幂律行为(也称为齐夫定律)的起源在科学界已经争论了一个多世纪。幂律广泛出现在物理学、生物学、地球和行星科学、经济学和金融学、计算机科学、人口学和社会科学中。在一篇被大量引用的文章中，马克·纽曼[当代][物理学46(2005)323-351]回顾了幂律形式存在的一些经验证据，但强调了即使许多分布不遵循幂律，科学家测量的许多量通常接近齐夫定律，因此很重要。本文将齐夫定律的一个变体与一般瓮问题联系起来。一个收藏家希望收集m套完整的N种不同的优惠券。认为从总体中抽取的券是独立的，具有替换的同分布，抽取到j型券的概率记为p j, j = 1,2，…，N。设T m (N)为这个问题所需的试验次数。当p j = a j /∑j = 2n + 1a j，其中a j = (ln j)−p, p > 0时，我们给出了期望(五项加一个误差)、第二次上升矩(六项加一个误差)和T m (N)(首项)方差为N→∞的渐近性。\begin{equation*} p_{j}=\frac{a_{j}}{\sum_{j=2}^{N+1} a_{j}}, \,\,\,\text{where}\,\,\, a_{j}=\left(\ln j\right)^{-p}, \,\,p>0.\end{equation*} pj=aj∑j=2N+1aj，其中aj= lnj-p,p>0。此外，我们证明了T m (N)(适当归一化)在分布上收敛于一个Gumbel随机变量。这些息票概率的“log-Zipf”类未被现有文献所涵盖，本文填补了这一空白。本着我们最近的一篇论文[ESAIM: PS 20(2016) 367-399]的精神，我们扩大了迪克西杯问题解决的类别，包括它的矩、方差和分布。

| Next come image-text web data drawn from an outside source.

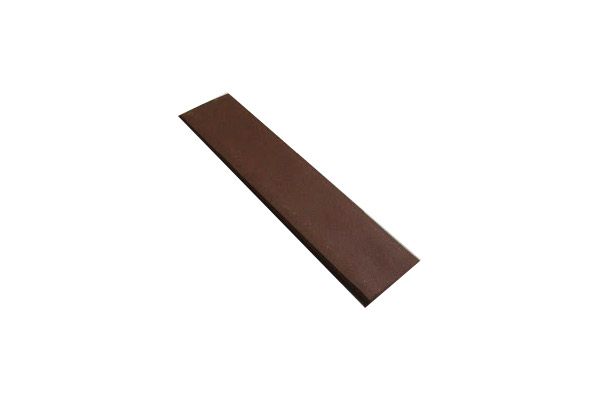 GDV Wall/ Cladding Tile (Chocolate)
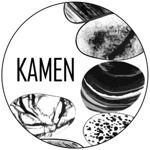 kamen-store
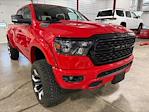 2022 Ram 1500 Crew Cab 4x4 Pickup for sale #NN285348 - photo 1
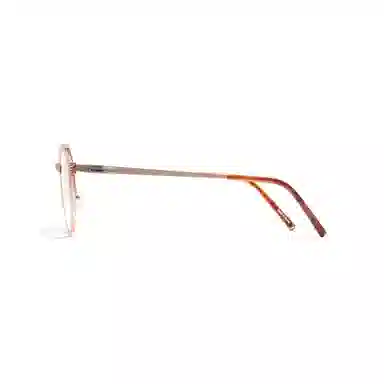 CARIN AIR2 R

本文章由计算机程序翻译，如有差异，请以英文原文为准。

求助全文

约1分钟内获得全文求助全文

来源期刊

Esaim-Probability and Statistics STATISTICS & PROBABILITY-

CiteScore

1.00

自引率

0.00%

发文量

审稿时长

>12 weeks

期刊介绍： The journal publishes original research and survey papers in the area of Probability and Statistics. It covers theoretical and practical aspects, in any field of these domains. Of particular interest are methodological developments with application in other scientific areas, for example Biology and Genetics, Information Theory, Finance, Bioinformatics, Random structures and Random graphs, Econometrics, Physics. Long papers are very welcome. Indeed, we intend to develop the journal in the direction of applications and to open it to various fields where random mathematical modelling is important. In particular we will call (survey) papers in these areas, in order to make the random community aware of important problems of both theoretical and practical interest. We all know that many recent fascinating developments in Probability and Statistics are coming from "the outside" and we think that ESAIM: P&S should be a good entry point for such exchanges. Of course this does not mean that the journal will be only devoted to practical aspects.